There is, of course, the coalition of forces that one must work, dance and contend with to move a case over the finish line. But in this mix of players there is always the risk that the case will be sidelined in a sea of mistrust, cynical bickering, credit-taking (and false reporting), and time-wasting handholding, all talk and no action.
To guard against such situations, Thomas Moore and I became an indivisible army of two on the Dee and Moore case. We created a critical mass of trust that carried and insulated us. We accepted offers of help when they came our way yet quickly moved past those who wouldn't help or put roadblocks in our path. We preferred direct engagement. That meant knocking on doors, confronting people, dealing personally with the authorities. Doing so allowed us to use information we had gathered ourselves to leverage the case forward.
Similar bonds of trust exist among a small group of journalists, born out of their work on civil rights cold case reporting. It is to them that I turned a few years ago in an attempt to find ways to nurture collaboration and companionship. Today our partnership has a name, the Civil Rights Cold Case Project, and a website
. Based at the Center for Investigative Reporting
, the project is coordinated by that nonprofit news site's executive director Robert J. Rosenthal
, and it partners with the Canadian company Paperny Films.
My greatest joy is found in filming the uncovering of truth as it happens. This means that at times I have to investigate and document simultaneously, developing and experiencing the story as I (preferably) work with family members to propel it forward. Some people devote their lives to collecting antiques, or rare books, or knives, coins or guns; working these cases is my obsession.
In 2004, I found out about the Dee and Moore case from an old 16-millimeter film made by the Canadian Broadcasting Corporation (CBC) in 1964. Fleeting shots of Dee's body being taken from the river on July 12, 1964 intrigued me, mostly because of what I felt was missing from the narrative—a sense of who this man was and why his life ended this way. I wanted to tell Dee's story—and eventually both victims' stories. Being Canadian didn't matter. I don't have to be from Mississippi to make a difference there.

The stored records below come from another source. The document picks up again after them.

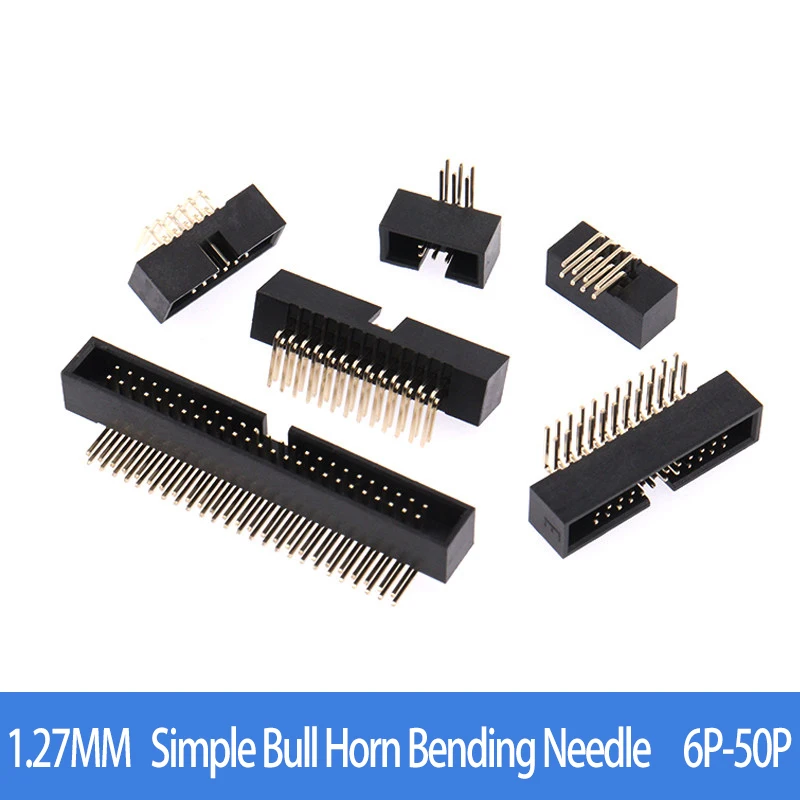 1.27MM Simple Cow Horn seat Bent needle DC3 Simple cow socket 6P/8P/10P/12P/16P/20P/34P/50P wiring terminal connector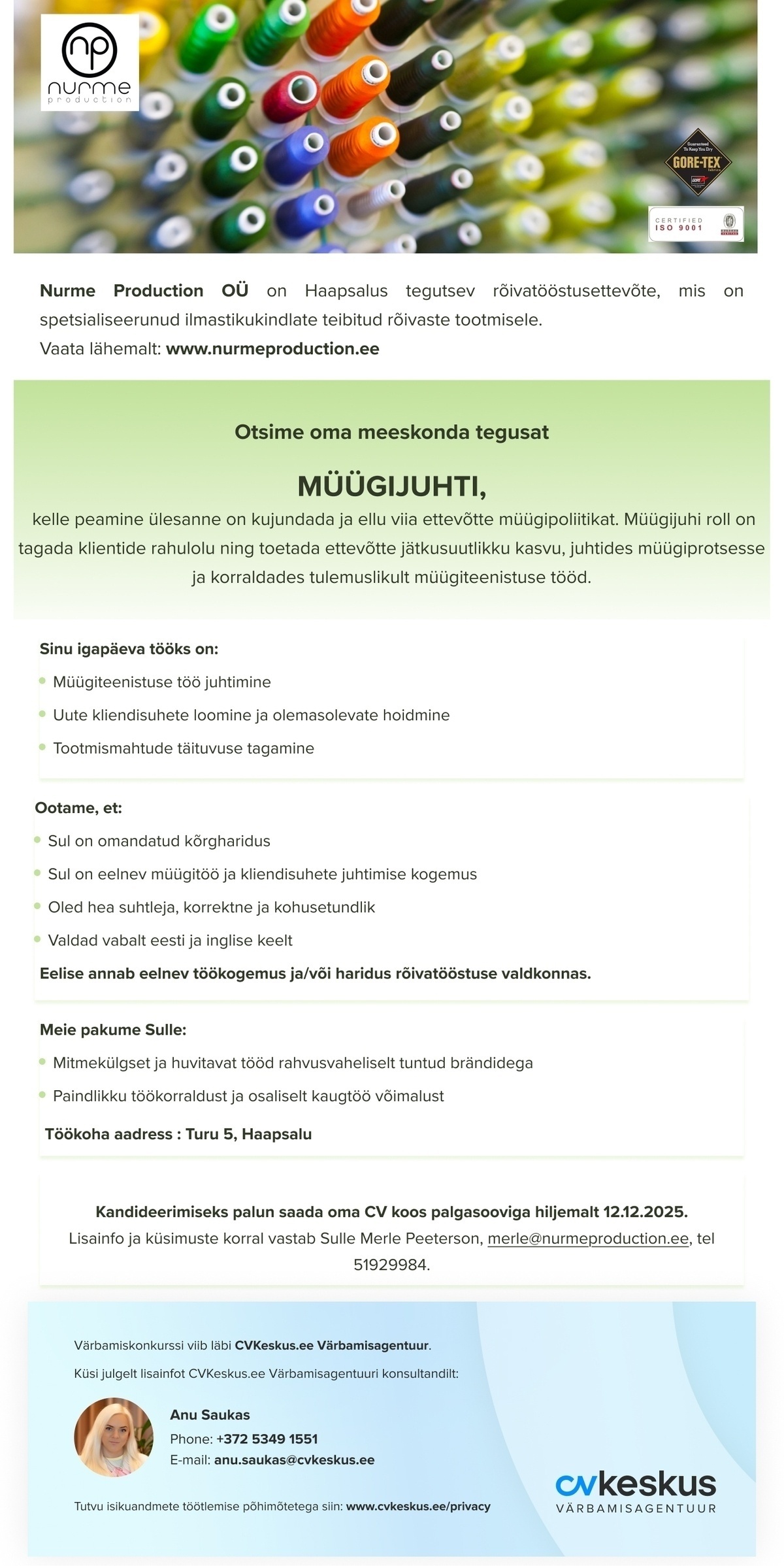 NURME PRODUCTION OÜ MÜÜGIJUHT
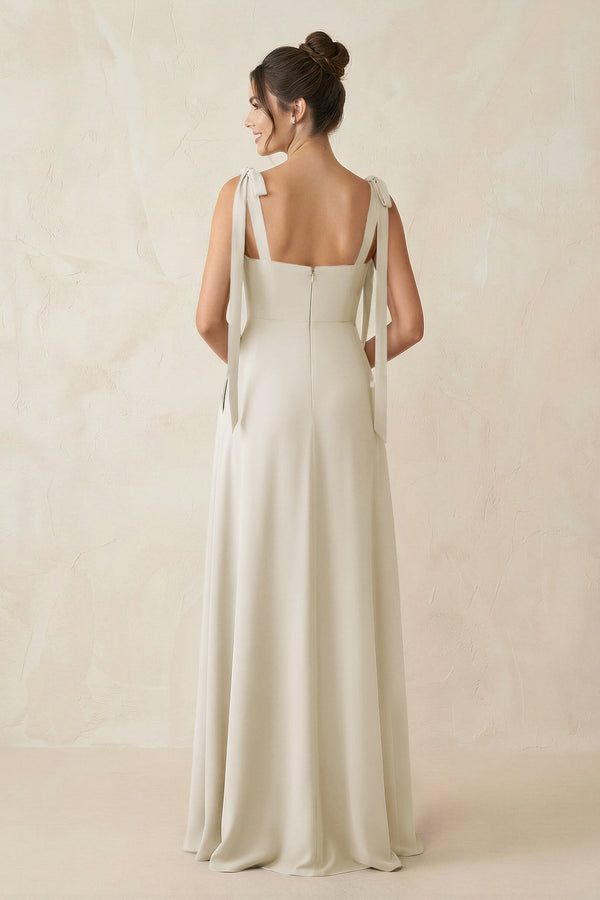 Square Neck Sheath Chiffon Bridesmaid Dress with Bow in Dove Gray - SHE IS ME Bridesmaid Dresses
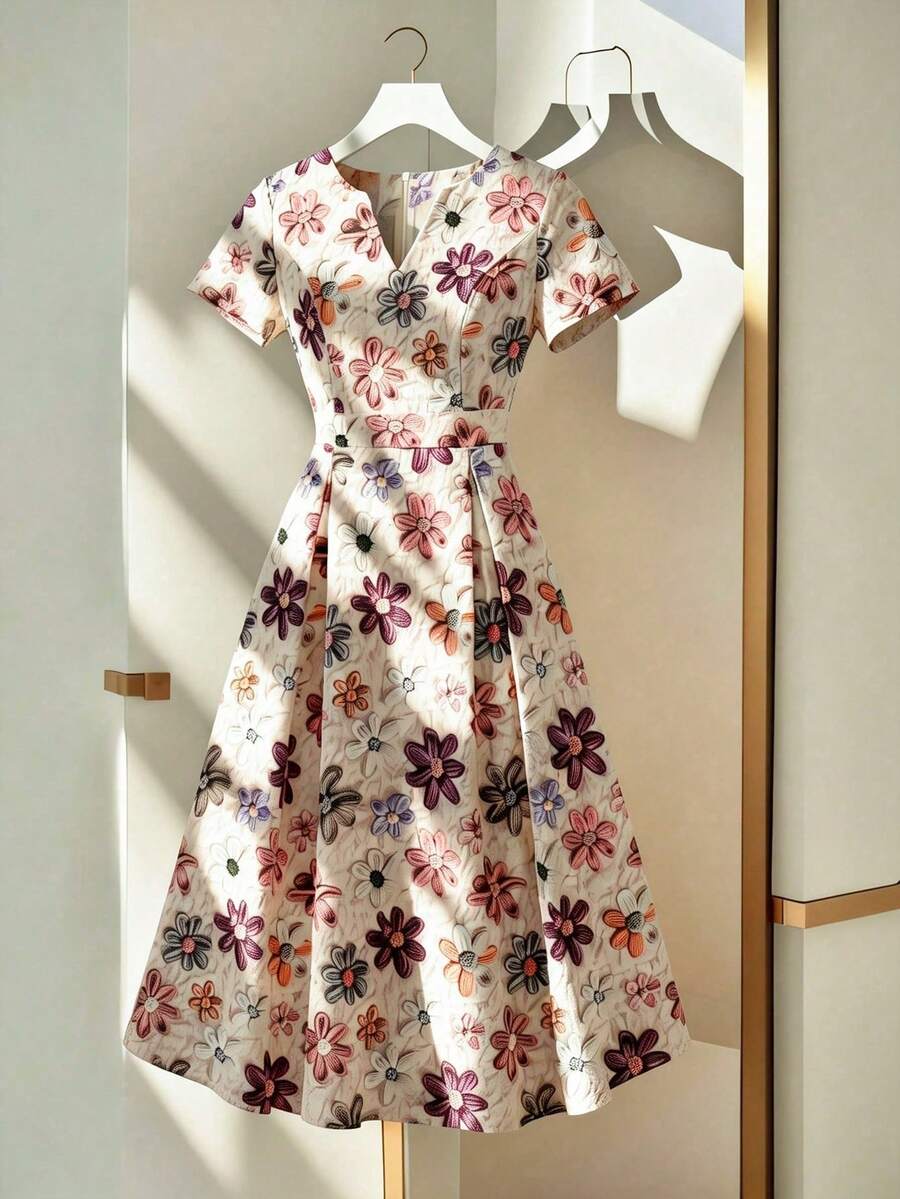 GlowEve CURVE Plus Size Women's Casual Floral Print Solid Scoop Neck Short Sleeve Midi Dress, Suitable For Spring/Summer, Fashionable For Outings - Multicolor - View 1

Finding a name in a document and matching it with a current address is a kind of mystical experience for me. Someone with information. Someone to talk with. And the locations of the murders carry their own resonance for me—each a forgotten ground zero. Federal Bureau of Investigation documents known as 302's are a sweet find, but I'll take photographs, local investigative files, unknown witnesses, recorded phone calls, and confrontations on doorsteps any day of the week.
With the help of a trusting cadre of family members and fellow investigators, there is little that can stand in the way of a relentless search. Recent developments in the Dee and Moore case include an out-of-court settlement for an undisclosed sum in a civil suit brought against Franklin County, Mississippi over the sheriff department's involvement in obfuscating the murder. Importantly, new ground was broken in July in the process of reconciliation between Moore and Edwards, the Klan perpetrator. I was able to film those emotional moments and soon they will be broadcast on CBC as an update to "Mississippi Cold Case." To do this, I returned to Mississippi once again with Moore. "The mission continues," he loves to say. And so it does.
David Ridgen, an independent filmmaker living in Toronto, made the documentary "Return to Mississippi" for the CBC in 2004 about the then-possible trial of Edgar Ray Killen, the case portrayed in the film "Mississippi Burning." From 2004 to 2007, he worked on his film "Mississippi Cold Case" for CBC about the Henry H. Dee and Charles E. Moore murders with Thomas Moore, the brother of one of the victims. He continues his documentary film work with reporters on civil rights era cold cases.